Os misticos procuram o Graal, os cientistas a evidência, os filósofos Deus ou Verdade nas montanhas ou no coração das pessoas; mas são as perguntas e não as respostas que lhes enchem os dias de vida, de energia, de esperança. Existiria alguma explicação, humana, que esgotasse a verdade? E quantas verdades se escondiam numa só? Não seria o infinito, mais do que uma noção cósmica ou abstrata do universo ou da vida, a unica chave possivel? As coisas não têm fim e, muito menos, uma aclaraçãio que possa alguma vez sossegar a curiosidade do homem. A própria curiosidade não tem fim."
- in Não me contes o fim

 

23.06.2008

Amizade, uma espécie de amor

Pensamento do dia:

Mostro a minha amizade na preocupação que tenho para com os outros...Um gesto maternal talvez, mas é a minha forma de dizer que amo. 

 

Momento X:

Ouvir na voz de um amigo palavras simples que mostram o seu amor, sem que para isso seja preciso dizê-lo realmente. Não é ai que reside a magia da amizade?! Já tinha saudades de sentir realmente esse sentimento que une pessoas como se se tratassem de irmãos. =)

 

Ler p'ra pensar:

"Nada a fazer, o amor encerra este paradoxo, este absurdo doentio e insolúvel: podemos querer bem a quem nos quer mal. Ou fazer mal a quem queremos bem. E toda a fraqueza, cobardia, defeito de caracter, miséria íntima, toda a imperfeição em geral ajuda a estreitar o laço entre duas almas, suscitando no outro, ainda mais, a entrega, a compaixão, a afeição, a dedicação." - in Não me contes o fim

22.06.2008

Dia de sentir

 

Pensamento do dia:

"As pessoas vão esquecer o que disseres. Vão esquecer o que fizeres.
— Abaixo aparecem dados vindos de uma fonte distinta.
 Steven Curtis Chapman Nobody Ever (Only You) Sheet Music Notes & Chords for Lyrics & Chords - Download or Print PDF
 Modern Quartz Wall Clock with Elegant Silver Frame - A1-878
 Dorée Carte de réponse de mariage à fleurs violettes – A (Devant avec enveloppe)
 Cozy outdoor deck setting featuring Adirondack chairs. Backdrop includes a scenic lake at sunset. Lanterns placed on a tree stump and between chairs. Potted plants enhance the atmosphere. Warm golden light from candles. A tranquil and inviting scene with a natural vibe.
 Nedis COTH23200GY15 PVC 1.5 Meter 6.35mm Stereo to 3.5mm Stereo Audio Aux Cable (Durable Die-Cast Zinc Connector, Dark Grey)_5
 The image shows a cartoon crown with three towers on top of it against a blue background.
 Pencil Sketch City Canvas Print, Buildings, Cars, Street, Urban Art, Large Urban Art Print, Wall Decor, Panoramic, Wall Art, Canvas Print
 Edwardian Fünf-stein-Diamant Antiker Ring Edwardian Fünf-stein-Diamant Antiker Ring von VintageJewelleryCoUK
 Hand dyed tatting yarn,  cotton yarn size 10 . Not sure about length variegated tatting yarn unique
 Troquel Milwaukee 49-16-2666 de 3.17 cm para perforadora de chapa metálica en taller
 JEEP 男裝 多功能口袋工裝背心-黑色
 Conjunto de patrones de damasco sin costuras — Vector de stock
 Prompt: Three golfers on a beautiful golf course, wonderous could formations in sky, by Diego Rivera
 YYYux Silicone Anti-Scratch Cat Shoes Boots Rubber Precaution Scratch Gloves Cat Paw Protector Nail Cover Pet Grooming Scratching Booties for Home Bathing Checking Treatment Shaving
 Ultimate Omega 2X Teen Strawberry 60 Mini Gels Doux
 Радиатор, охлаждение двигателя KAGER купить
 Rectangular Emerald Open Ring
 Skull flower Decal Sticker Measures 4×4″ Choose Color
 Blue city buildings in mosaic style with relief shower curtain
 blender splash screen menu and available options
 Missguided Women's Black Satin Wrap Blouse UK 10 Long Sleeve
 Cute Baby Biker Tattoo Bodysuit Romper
Mas jamais vão esquecer o que as fizeste sentir!"

 

Momento X:

O sossego do dia...ler, ver tv, fazer o que gosto, sem pressas ou pensamentos...afinal às vezes estes dias também sabem bem (embora eu prefira os outros).

 

Ler p'ra pensar:

"Talvez o pior da vida não sejam os golpes que sofremos, mas a forma como o nosso coração - desprevenido, desarmado - os recebe." - in Não me contes o fim

21.06.2008

Quando nos sabem ler

Pensamento do dia:

Sabe bem falar de nós quando já não cabe cá dentro...Sabe bem ter alguém que nos conhece, que está lá para ouvir, mas que não insiste - exactamente porque me conhece -, apenas espera ou simplesmente, respeita!

 

Momento X:

Um convite banal, de última hora..."podes vir ajudar?"Adoro poder ajudar, por isso lá vou eu e a noite torna-se, afinal, bem melhor do que o que poderia ser.

 

Ler p'ra pensar:

"Foi com eles que aprendi a avaliar os outros do seu ângulo e não apenas do meu. Isto, que parece fácil e trivial, demora-se uma vida inteira a aprender.
Comunicar com pessoas de língua diferente não é o mais dificil. É preciso dominar outro idioma, o da comunicação com as almas, mais cifrado e complexo. Aprender a traduzir o que as pessoas são, ou querem dizer, para além do que fazem, falam ou parecem, exige intuição, cultura e curiosidade, certamente, mas sobretudo atenção. Por muito que seja a língua, as palavras revelam-se sempre insuficientes. E há pessoas ilegiveis, que nos fazem sentir analfabetos."